| Required work |
Each line from the one that holds "Livelynine 36 X" to the end of the records is to be retyped exactly. Pictures are not part of the copy.

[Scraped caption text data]
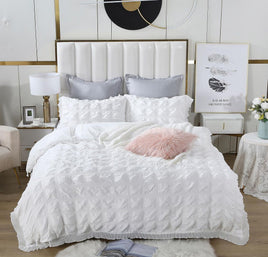 Ruffles Textured Jacquard Super King Size white Duvet Doona Quilt Cover Set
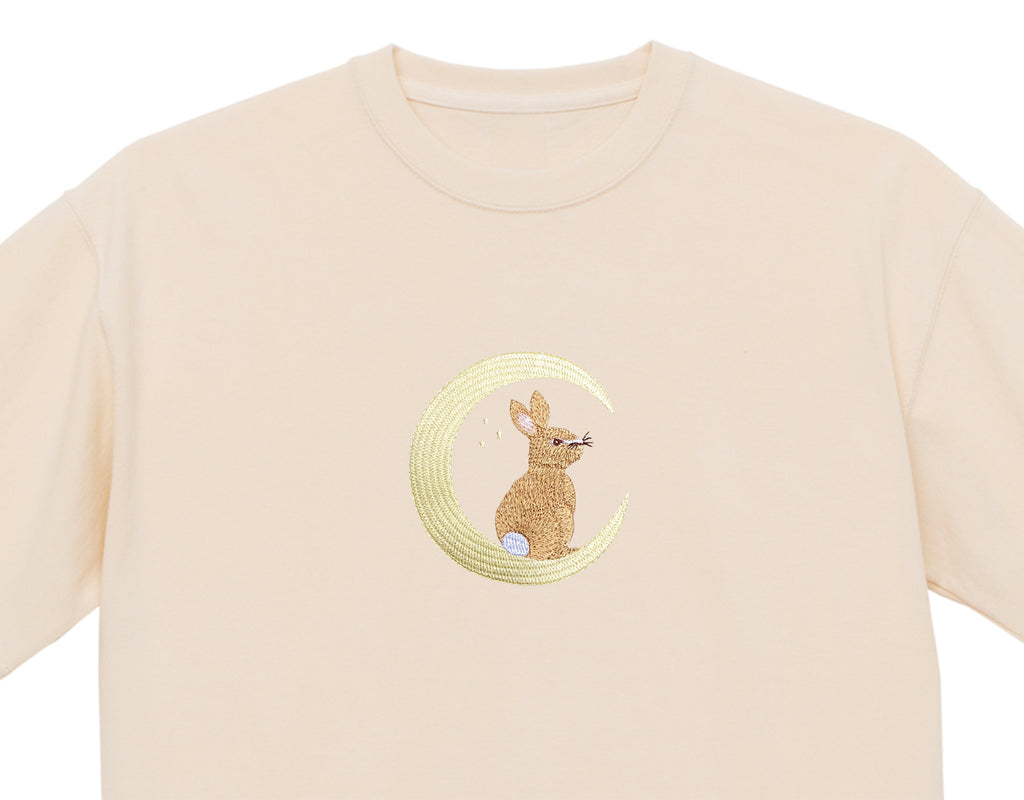 Moonlight Bunny Embroidered 250 GSM Organic Cotton T shirt | Adults and Kids Matching Set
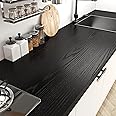 Livelynine 36 X 197 Inch Large Black Wood Contact Paper for Countertops ...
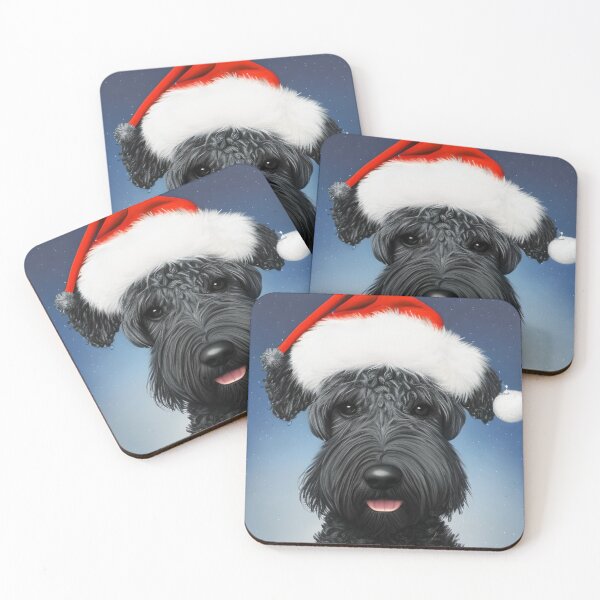 Item preview, Christmas Kerry Blue Terrier Wearing A Santa Hat designed and sold by ZenEverAI.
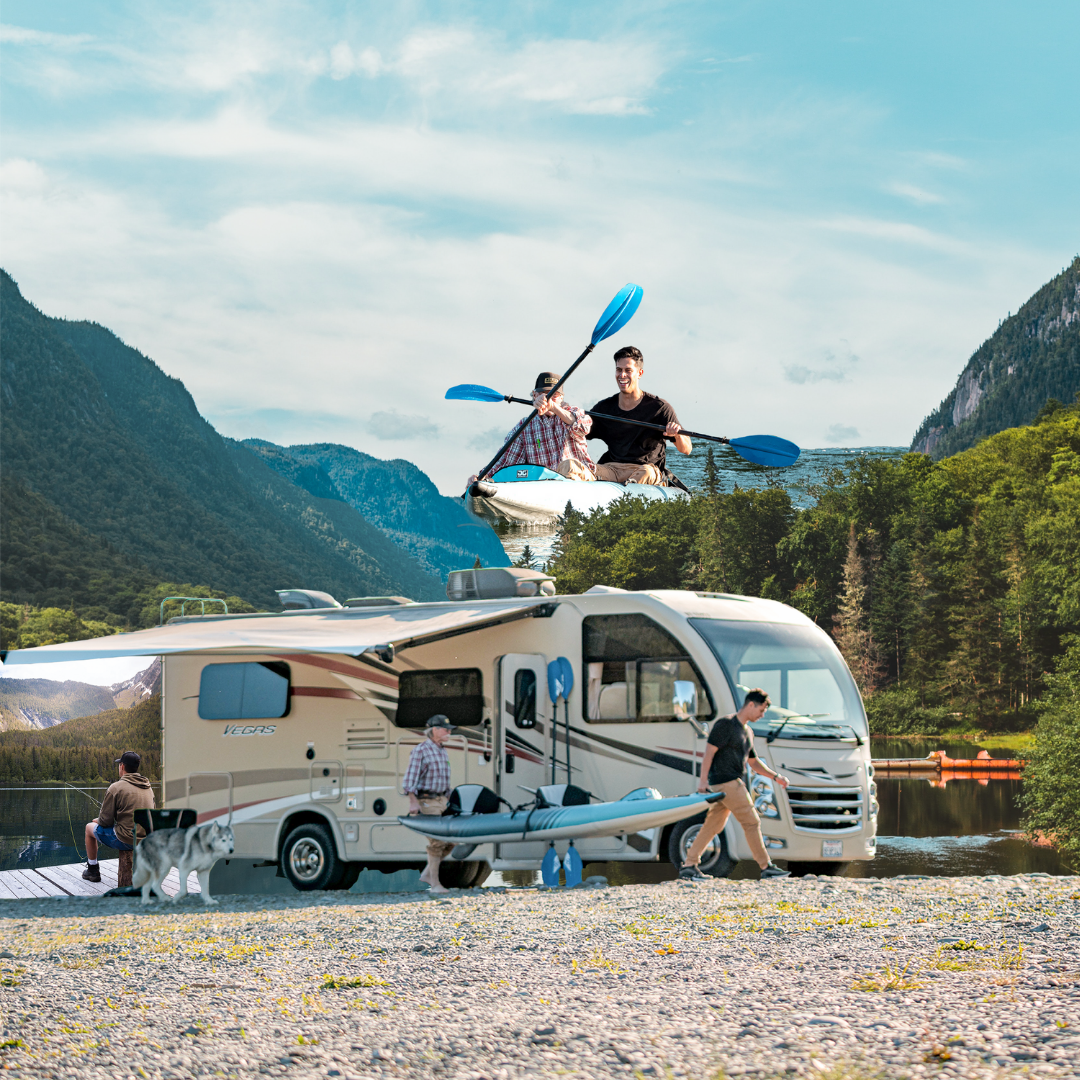 Inspired by collage trends of 2022. an activity collage created for a client promoting their RV rental marketplace.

| Answer to this exercise |
 Livelynine 36 X 197 Inch Large Black Wood Contact Paper for Countertops ...
 Item preview, Christmas Kerry Blue Terrier Wearing A Santa Hat designed and sold by ZenEverAI.
 Inspired by collage trends of 2022. an activity collage created for a client promoting their RV rental marketplace.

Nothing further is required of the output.